Steve Wynn agreed to give up control over his ex-wife’s shares of Wynn Resorts Ltd., potentially ending their six-year legal battle days after he resigned from the casino company following accusations of sexual harassment.

If a judge approves, Steve Wynn’s voting power will shrink to 11.8 per cent of the shares, with Elaine Wynn able to determine what to do with her 9.4 per cent stake. That may leave Wynn Resorts more vulnerable to activists or potential acquirers.

The company said in a filing Friday that Steve Wynn has no immediate plans to sell his shares and would only do so in an orderly fashion in any case. At one point Wynn, 76, had corralled more than a third of the voting rights at the company, making an unfriendly takeover virtually impossible.

Elaine Wynn previously said she wanted the ability to sell her shares so she could focus on philanthropy. Her spokeswoman declined to comment Friday.

The heart of the fight was an agreement between Steve Wynn, Elaine Wynn and Japanese businessman Kazuo Okada, a Wynn Resorts co-founder, that gave Steve control over the group’s shares. Steve Wynn had lost his previous casino company, Mirage Resorts, in a takeover by MGM Resorts International and sought to lock up as much stock in his new company as possible.

2012 FIGHT

The relationship between the three began to crumble in 2012, when Wynn Resorts sued Okada and unilaterally bought back his shares after accusing the businessman of trying to bribe foreign casino officials. Okada tried to regain his stake and Elaine Wynn said she should no longer be bound by the agreement.

The Okada suit is expected to go to trial in April.

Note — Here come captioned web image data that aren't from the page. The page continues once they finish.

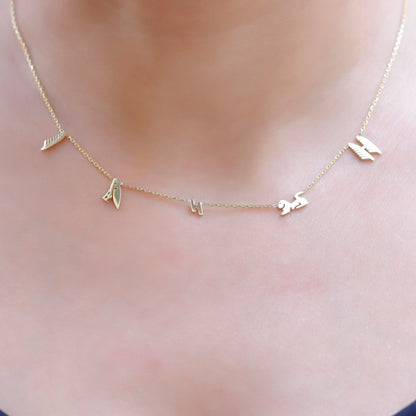 A sterling silver necklace with hieroglyphic characters customized on a person's neck.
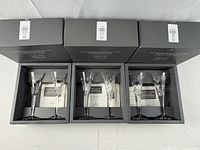 Three open Millennium Collection boxes each holding two crystal flutes with certificates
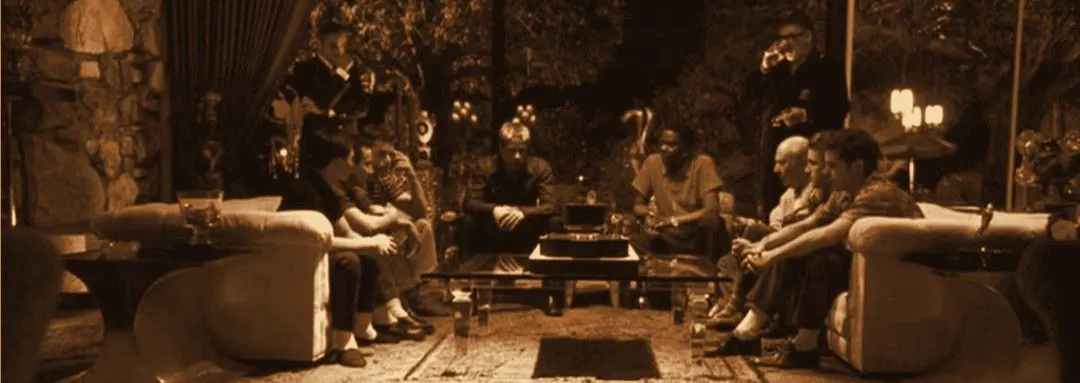 The crew sitting around a living room at night, tungsten tone, wide frame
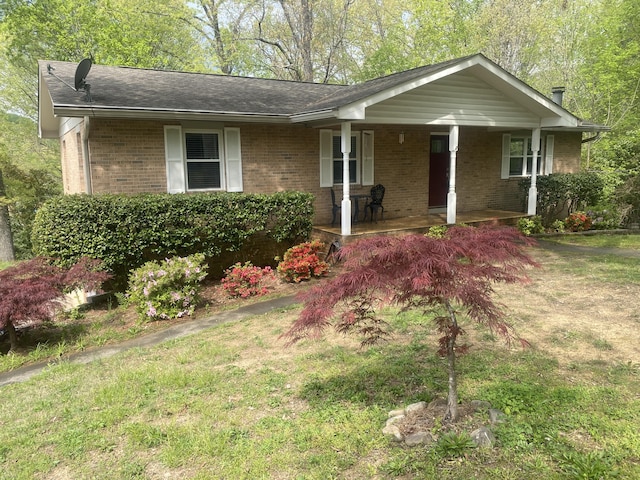 single story home featuring a porch, brick siding, and a front yard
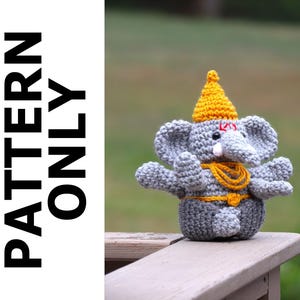 May include: Crocheted gray elephant with a yellow hat and a yellow beaded necklace. The elephant is sitting on a wooden surface.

Wynn, chairman and chief executive officer, resigned this week from Wynn Resorts in the wake of a Jan. 26 Wall Street Journal expose detailing sexual harassment allegations going back decades. Wynn Resorts said Friday an outside counsel was no longer investigating the claims, though a board committee will continue working to ensure “the company employs best in class workplace practices.”